The study used a general scanning method. A quantitative method was conducted in this study. Data was collected through a scale adapted into Turkish by the researcher.

Working Group

The working group was determined through purposive sampling, which is a useful option when the desired population for the study is rare or very difficult to locate and recruit. The advantage of this method is that the researcher can use prior knowledge to choose respondents (Bailey, 1994, p. 96).

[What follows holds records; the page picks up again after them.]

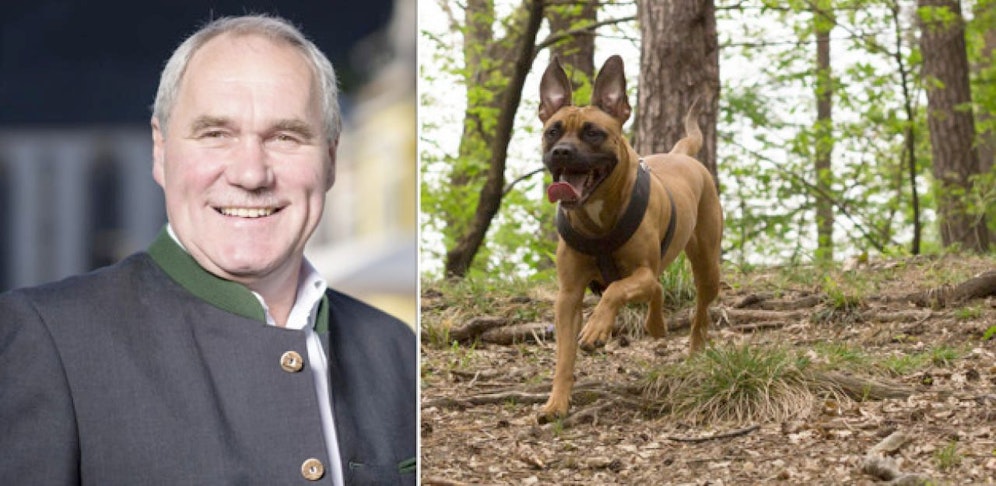 Franz Füreder, ÖVP-Bürgermeister von Ottensheim, fordert: "Der Pitbull, der den zwölfjährigen Buben verletzte, gehört eingeschläfert."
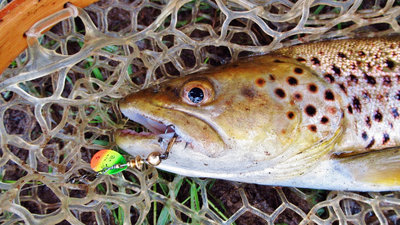 First trout of the 2018-19 season, Merseylea.. 6566 (Medium).JPG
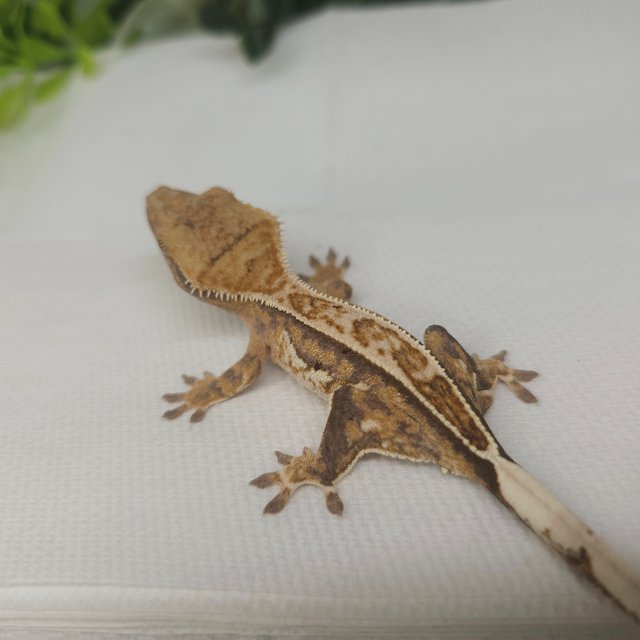 노멀 풀핀 트라이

An exploratory factor analysis was conducted on 382 undergraduate students: 190 from the Health Vocational School at Adıyaman University; 52 from Çoruh Faculty of Education; 55 from Mersin University; and 85 from Yıldız Technical University School of Foreign Languages. Each returned instrument was reviewed and 367 of them was used for data analysis. A confirmatory factor analysis (CFA) was conducted on 495 students: 115 Faculty of Education students, 50 from the Faculty of Arts and Sciences and 50 from the Vocational School at Adıyaman University; 30 students from Artvin Çoruh University Faculty of Education, 130 from Cumhuriyet University Faculty of Education, and 120 from Marmara University Technical Education Faculty. After reviewing all the questionnaires, 461 were used for data analysis.

Reliability and validity of the scale was achieved using EFA and CFA and a reliable and valid instrument is believed to have been developed for Turkey. The instrument was conducted on 1415 undergraduate students to determine students’ perceptions of teaching quality. These were a new data set consisting of undergraduate students: 862 from Adıyaman University, 140 from Çoruh University, 251 from Cumhuriyet University, 67 from Marmara University and 95 from Sakarya University.

Scale Adaptation Process

The researcher obtained permission from Ginns (2007), who developed the original scale. In the simplest translation process a questionnaire is translated (often by unqualified translators) and used without further validation. Another approach involves translation by committee whereby two or more translators work separately or together to produce a consensus questionnaire. This study used the back-translation method, which is the preferred method although it can be time consuming and expensive. In this method a questionnaire is translated into the target language by one translator and then translated back into the source language by an independent translator who is blinded to the original questionnaire. The two source-language versions are then compared (Sperber, 2004, p. 125; Looman and Farrag, 2009, p. 48). Items in the scale were translated into Turkish by the researcher and a linguist who also specializes in Educational Sciences. Another linguist was asked to translate the instrument from Turkish to English, following which the two were compared and any necessary changes were made. To ensure clarity and comprehensibility of the items, the views of 40 Education students at Adıyaman University were considered when revising the questionnaire. To provide content validity, the draft form of the scale was examined by three specialists in the area.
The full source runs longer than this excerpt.